I did not appreciate what group.density is doing in xcms. Let me see if I understand how to use these. (For the record, I have never worked with data by grouping into sub-folders. I usually extract an entire directory into one matrix, just like .CEL files into an Affymetrix Robust Multi-Array. If this is not the standard approach with xcms, I may need additional education.)

If minfrac is defined as 'minimum fraction of samples necessary in at least one of the sample groups for it to be a valid group', I suppose you would want to set the minfrac = # samples within smallest group / # of total samples. So if you had 5 cases, 5 controls and 2 water blanks, would you ignore the water blank and set minfrac to 5/12 (round down to 0.40), or include the blanks as a group and use 1/12 (round down to 0.15)? I am assuming all files are in the same sub-folder and extracted together. Or are you suggesting instead to extract samples per condition-group, so you'd extract the 5 cases, 5 controls and 2 blanks as 3 data matrices. But then how to combine them...?

As for minsamp, 'minimum number of samples necessary in at least one of the sample groups for it to be a valid group', is the purpose of this to allow xcms to define groups? In my above example, would I use 2/12 or 5/12?

Re: Extracting blank samples in a discovery batch

Reply #3
You only really need to use the data grouping if you want to use the stats part of XCMS. As for what is best to do with group I am not that sure myself. Personally I usually don't group the data and just do the kind of calculations you have done.

Some thoughts to consider:
If you expect your groups to be very different then it might be easier to do the alignment/grouping sensibly by grouping the data.
Also, if for example you have many groups and you do the calculations you did you might have a very low threshold for inclusion that could let a lot of noise in.
I would recommend not processing your sample with your blanks if possible as they often cause a lot of trouble for the alignment (since so few features are there).

Quote
I suppose you would want to set the minfrac = # samples within smallest group / # of total samples.
Yes, but putting it a bit lower to allow it to miss a few in smallest group too.

Quote
include the blanks as a group and use 1/12 (round down to 0.15)?
But if you do that it would also only need to be found within 15% of any of the samples which might be a bit too liberal. minfrac and minsamp should work as an AND so you could also just set minfrac low and use minsamp to control what happens in the "real groups" that might be easier to do sensibly without grouping the data. If you have similar sized groups that is. Otherwise grouping the data starts to make most sense.

Quote
Or are you suggesting instead to extract samples per condition-group, so you'd extract the 5 cases, 5 controls and 2 blanks as 3 data matrices. But then how to combine them...?
No I am not suggesting to process the datasets separately. Just for the grouping step you should consider if you want features that are only found in a subset or not. If you expect that you do you can either group the data and set minfrac and minsamp more strictly or if you don't group the data do the considerations/calculations you did.
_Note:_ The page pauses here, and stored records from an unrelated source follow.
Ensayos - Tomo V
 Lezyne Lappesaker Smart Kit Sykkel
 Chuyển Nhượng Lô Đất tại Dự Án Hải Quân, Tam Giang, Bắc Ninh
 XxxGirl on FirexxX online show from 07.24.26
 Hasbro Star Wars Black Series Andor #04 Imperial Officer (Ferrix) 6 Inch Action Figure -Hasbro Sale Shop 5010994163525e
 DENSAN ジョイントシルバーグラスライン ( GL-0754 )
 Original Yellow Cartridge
In my mind it only really matters if you have very different groups so you'd expect some features to be absent from one group. Then you might be able to be a bit more strict (and thus get less noise) within each group than you would otherwise have to be with the considerations you just did.
Otherwise the calculations you did is how I would think. Just putting the requirements a bit lower to allow features to not have been found in exactly all samples within a group.
Blog: stanstrup.github.io

Re: Extracting blank samples in a discovery batch

Reply #4
A colleague pointed out that many instruments accumulate ions before injection, so blanks may not be quantitatively viable (as blanks with low total ion abundance will accumulate more signal from the background noise). Maybe this means efforts to include them in the xcms extraction are foolhardy (at least, for said instruments). Has anyone here used blanks in discovery experiments?